Feature: Implement Llama 3.1 Frequency-Aware RoPE Scaling
Background & Motivation
With the release of Llama 3.1, the context length has been extended to 128k. To maintain model performance over long contexts without degrading local attention, Meta introduced a frequency-aware smooth interpolation mechanism, departing from traditional linear scaling.
When loading Llama 3.1 pretrained weights, the config.json specifies the following rope_scaling configuration:
"rope_scaling": {
"factor": 8.0,
"low_freq_factor": 1.0,
"high_freq_factor": 4.0,
"original_max_position_embeddings": 8192,
"rope_type": "llama3"
}
Currently, InfiniLM lacks native support for rope_type: "llama3", resulting in an "Unsupported rope_scaling type" exception when attempting to load Llama 3.1 models. We need to implement this logic to enable proper inference for the Llama 3.1 family.

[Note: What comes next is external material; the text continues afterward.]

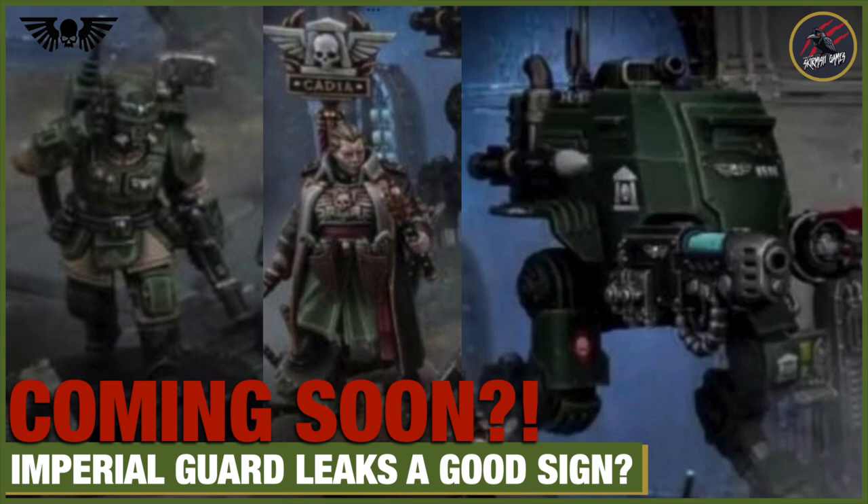Hey, welcome to Tabletop Skirmish Games. I think we've got to talk about these Imperial Guard leaks. The pictures have come up. I was just over on Reddit posting a photo of my Master of Ordnance, and then I see three pictures that were leaked for the Imperial Guard. I head over to YouTube, Farrak's been live streaming for an hour, so it's all kicking off. I thought we'd have a look at the images and also some changes I've noticed on the Games Workshop website that might indicate we could be seeing some of these models pretty soon.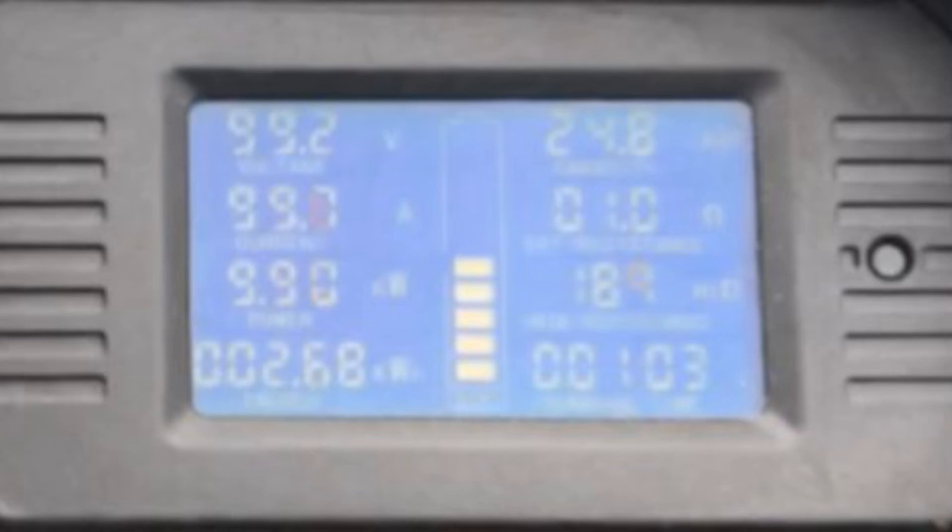The upper right is amp hours. The next two on the right are battery and system resistance, and last on the lower right is time. I find the most useful number to be the upper right, which is amp hours.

Principle of Llama 3 RoPE Scaling
In standard RoPE, position encoding is inherently tied to wavelengths: high-frequency components (short wavelengths) capture local relative positions, while low-frequency components (long wavelengths) capture global absolute positions. Applying a uniform scaling factor (e.g., linear scaling with factor=8) across all frequencies severely damages high-frequency information, impairing the model's ability to distinguish adjacent tokens.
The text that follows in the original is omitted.